Esiste però anche una diversa lettura delle vicende di questo inizio d’anno, che avevano indotto a paventare lo scoppio di un conflitto regionale prima che i principali attori coinvolti tornassero rapidamente a un simulacro di normalizzazione delle relazioni internazionali.

L’Oceano Indiano occidentale è una regione che silenziosamente sta diventando il prossimo baricentro dei rapporti di forza a livello planetario. Mentre diminuisce la dipendenza petrolifera degli Stati Uniti dall’area del Golfo Persico, l’area diventa importante a causa del sistema di porti mercantili e militari lungo le rotte continentali tra l’Asia orientale e l’Africa.

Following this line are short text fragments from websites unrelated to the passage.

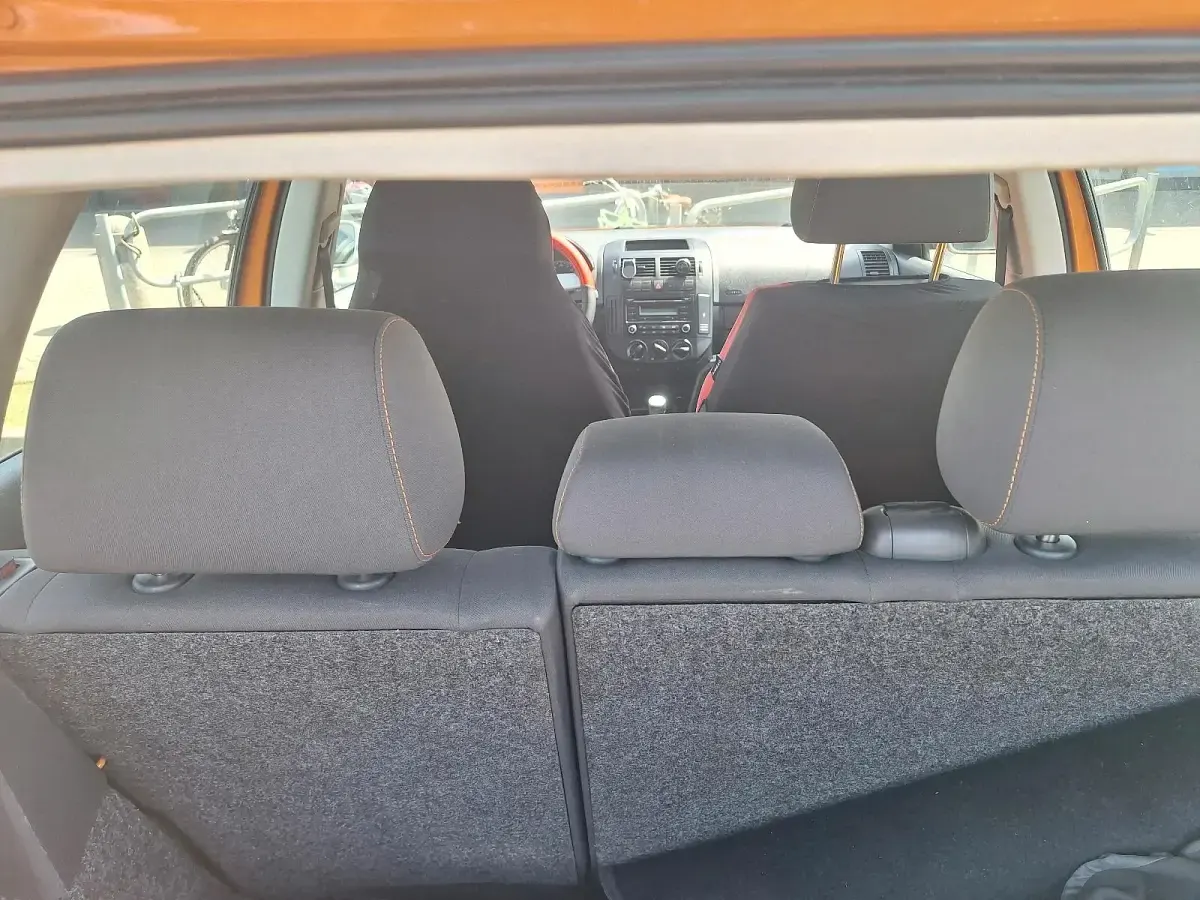 Gebraucht VW Polo Cross 80 PS (58 kW) 2008 Orange Kleinwagen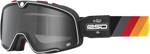 100% Barstow Goggle - Roland Sands Malibu - Smoke Lens 50000-00006
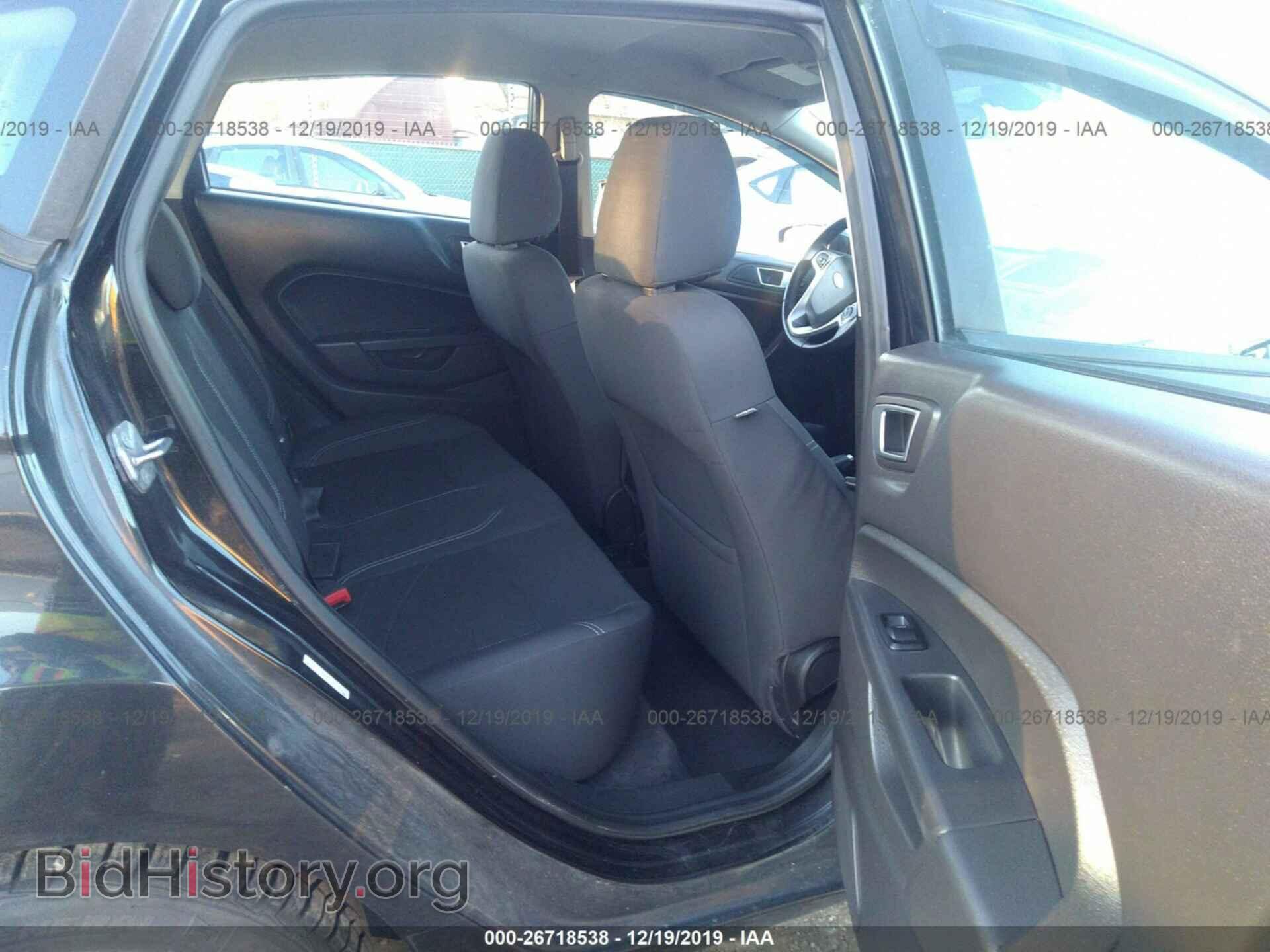 2014 FORD FIESTA - VIN: 3FADP4EJ7EM103240 - Photo 8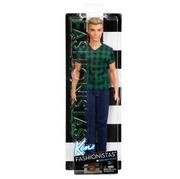 Lalki dla dziewczynek - Mattel Barbie Stylowy Ken W Koszuli DWK44 - miniaturka - grafika 1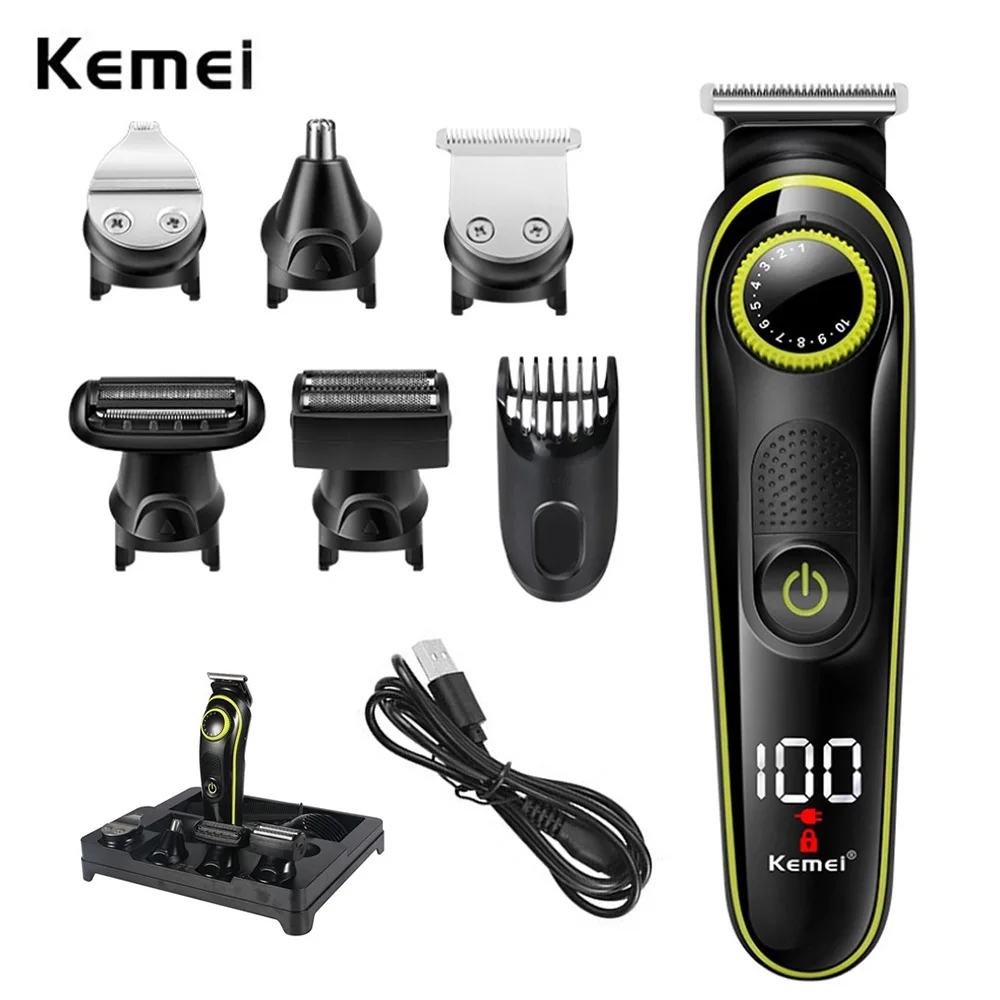 Men Electric Shaver Razor Nose Trimmer Hair Cutting Machine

India e Cina si affacciano nella regione come due potenze in ascesa, con interessi confliggenti e sistemi competitivi di alleanze regionali: la prima, per quanto guidata da un primo ministro aggressivamente islamofobo, pronta ad allearsi con Arabia Saudita ed Emirati Arabi Uniti, con il sostegno degli Stati Uniti; la seconda, che vede nella “Nuova via della seta” (o, in inglese, Belt and Road Initiative) un sistema di infrastrutture di collegamento tra se stessa e l’Africa, alleata con Pakistan e Iran.

In quest’ottica, l’operazione contro Soleimani sarebbe stata un segnale americano nei confronti della Cina e delle sue aspirazioni mediorientali, o quanto meno un modo di testare fino a che punto il governo cinese sia disposto a farsi coinvolgere in difesa dei suoi interlocutori locali.

Come ha scritto Jonathan Fulton per Atlantic Council, la misurata ma ferma reazione del ministro degli esteri Wáng Yì ha confermato per ora la strategia cinese per il Medio Oriente: una strategia a cui sono alieni i sovvertimenti di confini e sistemi politici, e che persegue la stabilità e la maggiore prevedibilità possibile del contesto regionale.